# Digital Ph, Nh, No. Tool



## marilynmonroe (Jan 8, 2009)

Just wondering if there are any digital device that measures the water chemistry instead of adding drops and checking the color against a chart. Would be nice to get an accurate number.


----------



## CLUSTER ONE (Aug 2, 2006)

There are but they are pretty expensive like 100$ plus each probably over 150$ for most good ones. You also have to calibrate them and its one meter per thing so its not like you can use 1 meter for everything. Theres some cheap pH ones but i dont know how well they work. Test kits are for now the most economical and practical solution unless you have some cash to drop


----------



## Ba20 (Jan 29, 2003)

Best bet is to get a controller you can hook up all your probe's/equipment up to it and monitor it from online and even monitor weekly changes via charts. Example many people loose there fish to heater failure whether the the heater fails or sticks on, the controller monitors the temp through a probe and when the temperature drops below the specified level the controller will allow power to the heater, When the controllers temp probe reads proper temperature achieved it cuts power to the heater.

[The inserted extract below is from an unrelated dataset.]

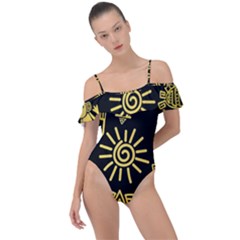 Maya-style-gold-linear-totem-icons Frill Detail One Piece Swimsuit by Salman4z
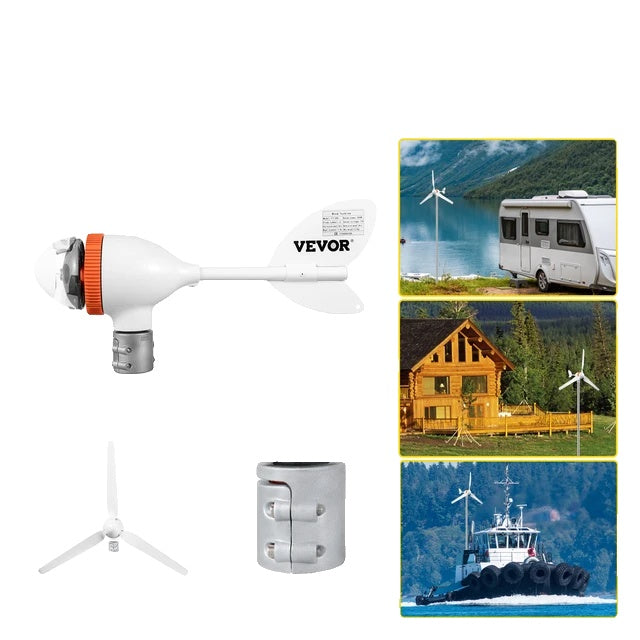 Wind Turbine Generator, 12V/AC, 400W Power Output, Terrace and Marine Use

Also if the heater doesnt kick on and water temperature stays below a desired level for a extended period of time the controller can send you a e-mail or text message. Fail safe operation and worth every penny


----------



## the_w8 (Jul 28, 2003)

I was wondering this too awhile back and seen on ebay and other sites how expensive they are...I'll stick to the regular API test kit, works plenty fine. I ordered a digital ph monitor awhile back and it was VERY accurate, but don't know where I placed it







it was from some garden company and it was used to test the temp, ph, moisture level of soil and it worked like a charm...It was some 4 in 1 test thingy and can't remember the name, but i sure do miss it. It only costed like $21.00.


----------